Earlier work by Church's team at the Wyss Institute already demonstrated that the levels of commercially valuable chemicals produced by bacteria could be raised through several rounds of a design-build-test cycle that employed an antibiotic selection-based biosensor. Now, Church and Rogers report in PNAS the unique advantages that fluorescent biosensors provide to bioengineers.
"Our fluorescent biosensors are built around specialized proteins that directly sense commercially valuable metabolites. These sensor proteins switch on the expression of a fluorescent reporter protein, resulting in cellular brightness that is proportional to the amount of chemical produced within the engineered cells. We can literally watch the biological production of valuable chemicals in real-time as the synthesis occurs and isolate the highest producers out of cultures with billions of candidates," said Rogers, who was named one of Forbes' "30 Under 30" in Science for opening new perspectives in bioengineering.
Using this strategy, the Wyss researchers have established fluorescent biosensors for the production of super-absorbent polymers and plastics like the coveted acrylate from which a range of products is made. In fact, the study established the first engineered pathway able to biologically produce acrylate from common sugar, rather than the previously required petroleum compounds.
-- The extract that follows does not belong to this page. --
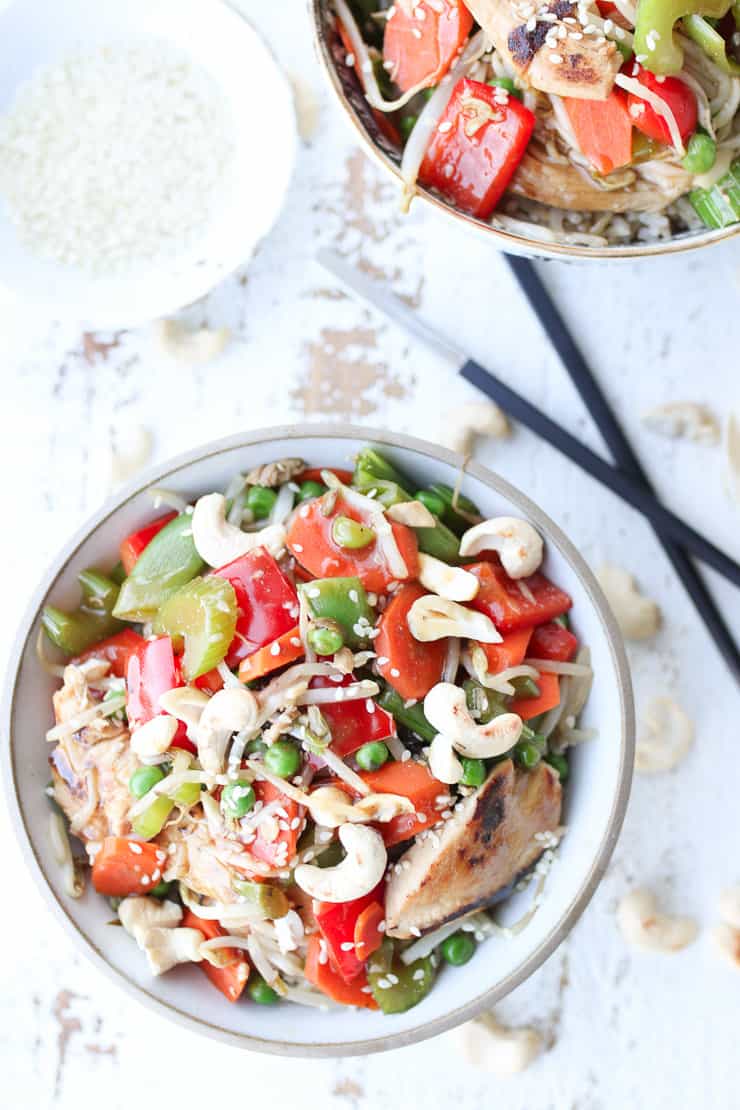 birds eye view of chicken chop suey on a bowl with chop sticks on the side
"This newly emerging biosensor technology has the potential to transform metabolic engineering in areas ranging from industrial manufacturing to medicine, and it can have a positive impact on our environment by making the production of drugs and chemicals independent from fossil fuels," said Wyss Institute Founding Director Donald Ingber, M.D., Ph.D., who is the Judah Folkman Professor of Vascular Biology at HMS and the Vascular Biology Program at Boston Children's Hospital, as well as Professor of Bioengineering at the Harvard John A. Paulson School of Engineering and Applied Sciences.